清初吴兴祚知无锡,曾多次亲临芙蓉湖地区勘灾,对当地的自然环境、风土民情有较清楚的认识:
庚子四月,余绾章来锡,劝农北乡。抵芙蓉湖大圩,见湖水盈溢,田禾半沉,就堤隙壤集父老丞髦士谒慕公祠毕,乃命小舟棹芦苇,度阡陌,一望中湖雾苍茫,村墟水匝,因知此系昔日芙蓉湖之底,形如坦釜,水进无由外泄。通圩六十里之内,东南一隅属于锡邑者尤为洿下,岁产一熟,名为不麦低田。父老谓余言曰:去年被渰,今复继之。高乡获四五稔,而此处一熟未收,未知将作何状。向来居此地者,不时乏食,最苦里中并无升斗之家可与告急,以谋朝夕,故视藜藿糟粮犹为嘉禾,尝以树皮捣粉为饀,野菜和根作虀,聊以果腹。[107]

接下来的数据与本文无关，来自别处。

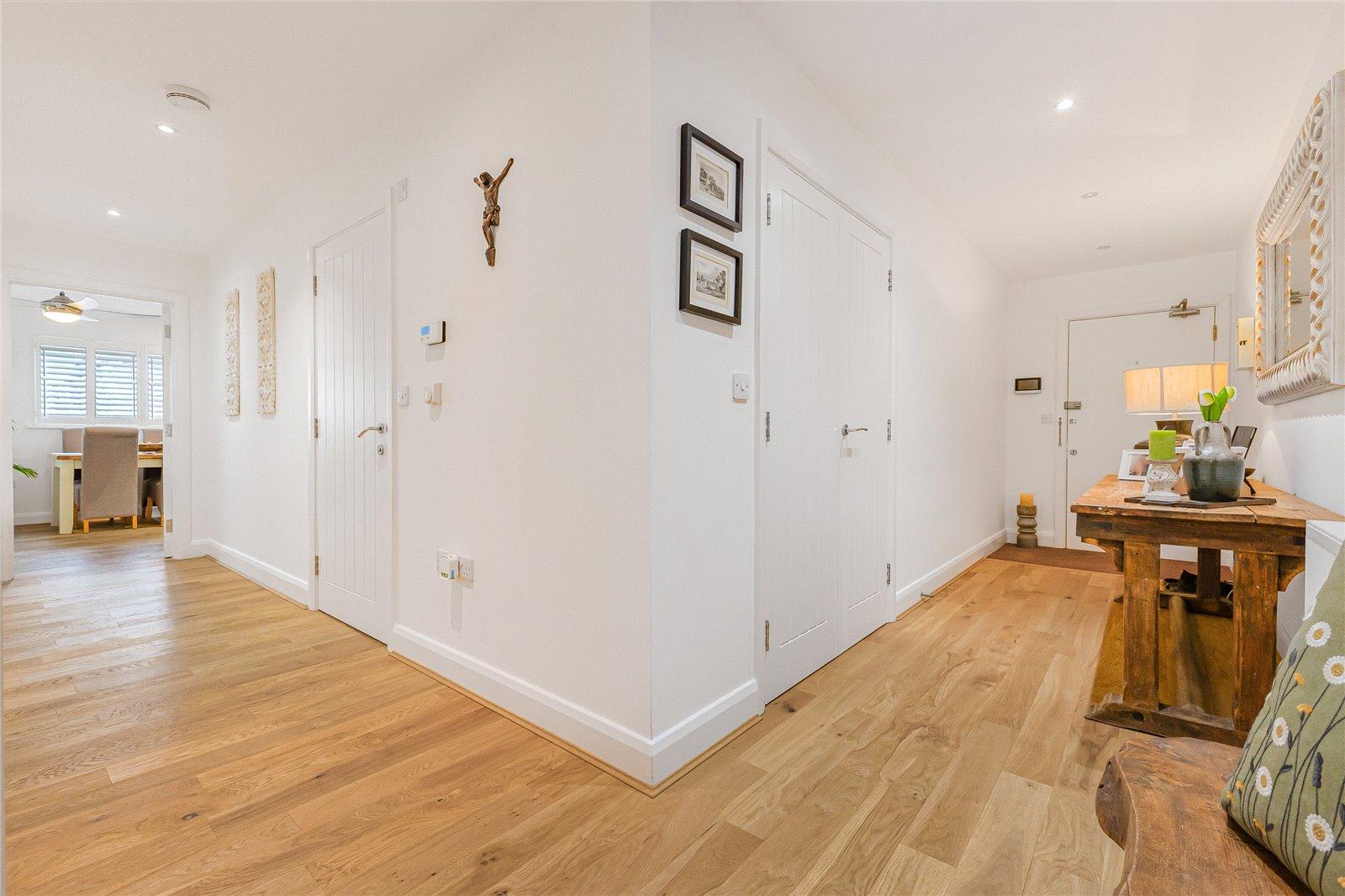 2 bedroom property for sale in Upnor Road | Robinson Michael & Jackson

清代同治年间的任源祥曾经访友于此地,对当地的生产、生活状态进行了细致的描写:
沟塍纵横,村烟绎络,无贫家亦无豪族。外人入其中,水陆皆不达其中,舟小于叶,遇坝则两人举之,其水阻,亦无常渡,招而应者类此舟也……酉戌间独不被乱,人业相若,舟梁不通,居民以来无盗贼焉。史子避地,自甲申始,所税屋三间,所携妻子数人,残书数卷,日不得再食,吟咏不辍,所与游并不识城县。及有所闻,惟机声昼夜不绝,所见捕鱼具甚奇且备,遂得与世绝矣。此中故不麦,涉冬乃渔,或潦则鱼布以生。稍有桃李桑竹及芙蓉诸草,最盛者杨柳莲花,所在村及水,二者常相依也。其先后各异种,涉五月至七八月间,熏心扇目,五十里皆荷蕖也,此时香不绝于声矣。余既两至其地,一仲冬,观徒手捕鱼;一季夏,饵莲食。[108]

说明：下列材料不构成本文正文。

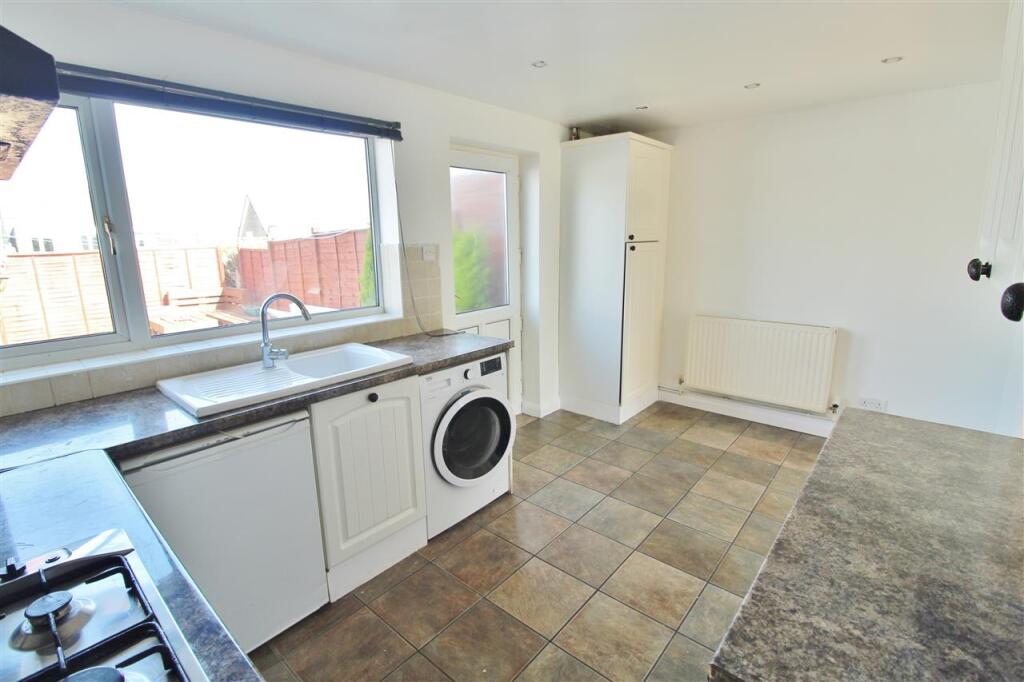 DINING KITCHEN -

任氏所见已是芙蓉圩在太平天国战乱后的情景,与最初开发时颇有几分相似。在最初草创阶段,芙蓉圩地区“多芦苇,召民开垦,应募不多,仅数姓居此耳”。因此地广人疏,有田可耕,虽无大富,亦无大贫。以后遭明清换代时的变乱,很多人“厌弃城市,挈眷菰蒲深处,作桃源避秦计,因以家焉”,使得人口大增。至清中期人口大增,“篱落稠密,子孙蕃衍,虽屡遭水患,而散而复聚,户口日增。惟是村渐多,田渐少,食指益浩繁,又仅得一稔,民乃益窘”。但由于芙蓉圩地处偏僻(位于三县之交),“民生不见外事,安于畎亩”;自然环境又较为恶劣,因此俗尚俭啬,少有浮华,“终岁敝衣疏食,即嫁娶宴会俱漓薄,不肯糜钱”,甚至于“见人服袍带、买鱼肉,必惊问:‘谒何人,延何客?’若绸绫之贵,山海之珍,有终身不识者”。正因此种环境,数百年间,其风俗居然变化不大,“鸡鸣犬吠相闻矣,而衣短褐食脱粟如故也”[109]。(www.xing528.com)
由于水灾频仍,当地农业生产很不稳定,因此副业生产(主要是纺织和渔业)就显得非常重要,当地人自称:“地瘠故民贫,衣食颇艰,农隙以捕鱼佐生理。”而当湖内灾荒时,“皆纺织为生,捕鱼为命”,尤其是当地的妇女“勤劬同于男子,夜篝灯纺织,虽严寒盛暑不辍”[110]。并且这种行为逐渐演化成一种常态而非临时性救济措施,有许多圩民专门从事渔业生产,甚至由此致富,如蓉湖李氏:
(心传公)讳凤来,字心传。幼失怙恃,依兄业农,祁寒暑雨,公随之耕作田间,无稍懈。我蓉湖为低洼地,多水患,禾苗辄被淹没,居民浚池蓄鱼者多,盖不特因地制宜,其获利亦较农有倍蓰焉。公慕之,乃与兄协谋浚池沼,制网罟以畜鱼为业,而农则不专务矣。由是每岁夏季至江滨取鱼苗,驾艇于江水之上,虽烈风狂潮所不顾也。秋冬两季则又运销鱼苗,或宜溧,或苏杭,或海门,或崇明等处,无一日睱,积数年,家业隆隆起。[111]
村落的分布也非常有特点。由于地势的原因,太湖的村庄大多分布在圩岸上[112],但对于圩内村庄的分布了解较少。芙蓉圩地区对此也有较详细的记载,其具体的情况是:由于圩民迷信风水,“堪舆家谓圩乡以水为龙”,因此“凡有大荡,必结大村”“荡最大者莫如湖心,而朱、徐、赵、梁诸姓村绕之。次者为东西周两白荡、东西刘两白荡、北陈荡、汤白荡、刘白荡、蒋家荡、龙潭等处,皆有大村领之。万瓦鳞排,与水光相映”。而到了“大湖沟、牌子港、清水河等处”“水无结束,其气散而不聚,村落虽有不甚繁衍”[113]。尤其是在最东部的东洲村一带,由于整个圩田的地势呈西高东低,众水汇集,因此当地的村基筑得高大结实,“惟东洲一隅最高,基与围堤相埒,外有高垄卫之,大水可以无虞”[114]。其村落规模也比较大。
严峻的生产、生活环境,使得芙蓉圩地区形成了一个非常紧密的水利共同体,除了表现在水利设施的管理之上外,还受多重因素的影响,如共同的周忱信仰、免役权的确认及行政力量的影响等。关于这方面的具体内容,将在下一节中予以阐述。